Apply Newton’s Third Law to design a solution to a problem involving the motion of two colliding objects.* [Clarification Statement: Examples of practical problems could include the impact of collisions between two cars, between a car and stationary objects, and between a meteor and a space vehicle.] [Assessment Boundary: Assessment is limited to vertical or horizontal interactions in one dimension.]
Plan an investigation to provide evidence that the change in an object’s motion depends on the sum of the forces on the object and the mass of the object. [Clarification Statement: Emphasis is on balanced (Newton’s First Law) and unbalanced forces in a system, qualitative comparisons of forces, mass and changes in motion (Newton’s Second Law), frame of reference, and specification of units.] [Assessment Boundary: Assessment is limited to forces and changes in motion in one dimension in an inertial reference frame and to change in one variable at a time. Assessment does not include the use of trigonometry.]
Construct and present arguments using evidence to support the claim that gravitational interactions are attractive and depend on the masses of interacting objects. [Clarification Statement: Examples of evidence for arguments could include data generated from simulations or digital tools; and charts displaying mass, strength of interaction, distance from the Sun, and orbital periods of objects within the solar system.] [Assessment Boundary: Assessment does not include Newton’s Law of Gravitation or Kepler’s Laws.]
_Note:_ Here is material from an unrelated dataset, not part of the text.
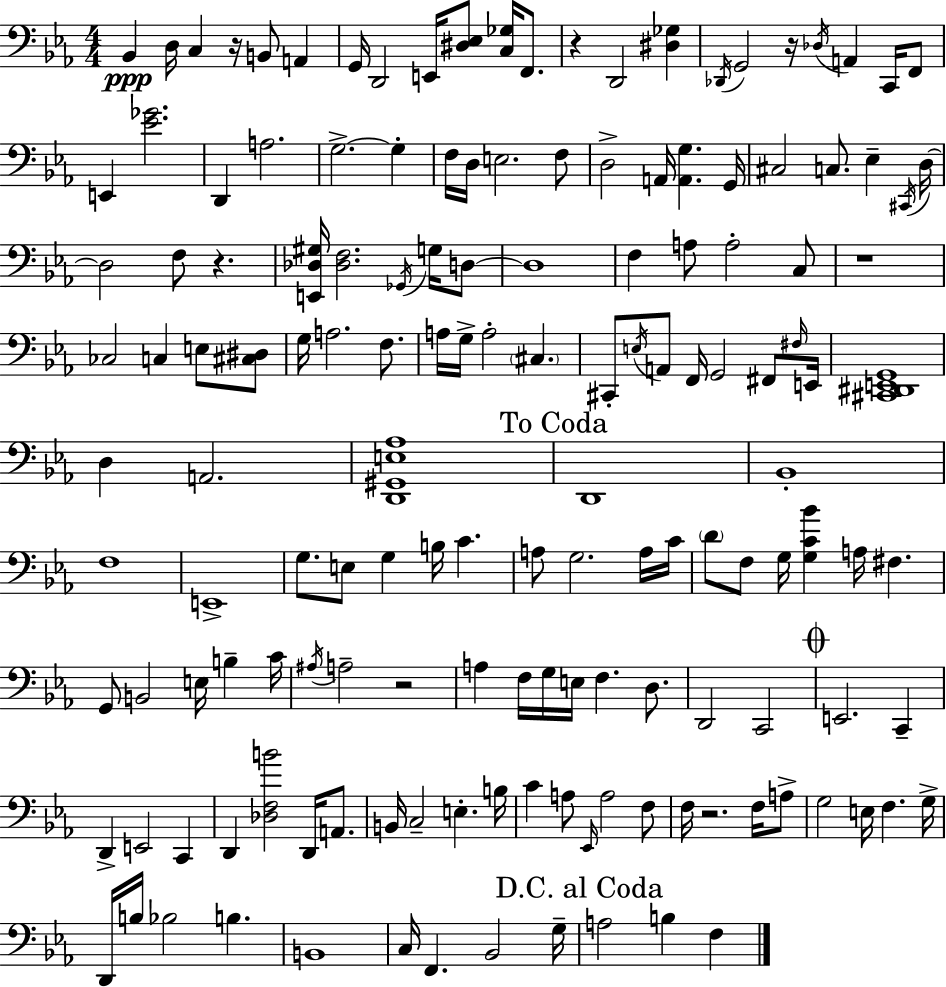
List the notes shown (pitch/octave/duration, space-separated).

Bb2/q D3/s C3/q R/s B2/e A2/q G2/s D2/h E2/s [D#3,Eb3]/e [C3,Gb3]/s F2/e. R/q D2/h [D#3,Gb3]/q Db2/s G2/h R/s Db3/s A2/q C2/s F2/e E2/q [Eb4,Gb4]/h. D2/q A3/h. G3/h. G3/q F3/s D3/s E3/h. F3/e D3/h A2/s [A2,G3]/q. G2/s C#3/h C3/e. Eb3/q C#2/s D3/s D3/h F3/e R/q. [E2,Db3,G#3]/s [Db3,F3]/h. Gb2/s G3/s D3/e D3/w F3/q A3/e A3/h C3/e R/w CES3/h C3/q E3/e [C#3,D#3]/e G3/s A3/h. F3/e. A3/s G3/s A3/h C#3/q. C#2/e E3/s A2/e F2/s G2/h F#2/e F#3/s E2/s [C#2,D#2,E2,G2]/w D3/q A2/h. [D2,G#2,E3,Ab3]/w D2/w Bb2/w F3/w E2/w G3/e. E3/e G3/q B3/s C4/q. A3/e G3/h. A3/s C4/s D4/e F3/e G3/s [G3,C4,Bb4]/q A3/s F#3/q. G2/e B2/h E3/s B3/q C4/s A#3/s A3/h R/h A3/q F3/s G3/s E3/s F3/q. D3/e. D2/h C2/h E2/h. C2/q D2/q E2/h C2/q D2/q [Db3,F3,B4]/h D2/s A2/e. B2/s C3/h E3/q. B3/s C4/q A3/e Eb2/s A3/h F3/e F3/s R/h. F3/s A3/e G3/h E3/s F3/q. G3/s D2/s B3/s Bb3/h B3/q. B2/w C3/s F2/q. Bb2/h G3/s A3/h B3/q F3/q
Conduct an investigation and evaluate the experimental design to provide evidence that fields exist between objects exerting forces on each other even though the objects are not in contact. [Clarification Statement: Examples of this phenomenon could include the interactions of magnets, electrically charged strips of tape, and electrically charged pith balls. Examples of investigations could include first hand experiences or simulations.] [Assessment Boundary: Assessment is limited to electric and magnetic fields, and limited to qualitative evidence for the existence of fields.]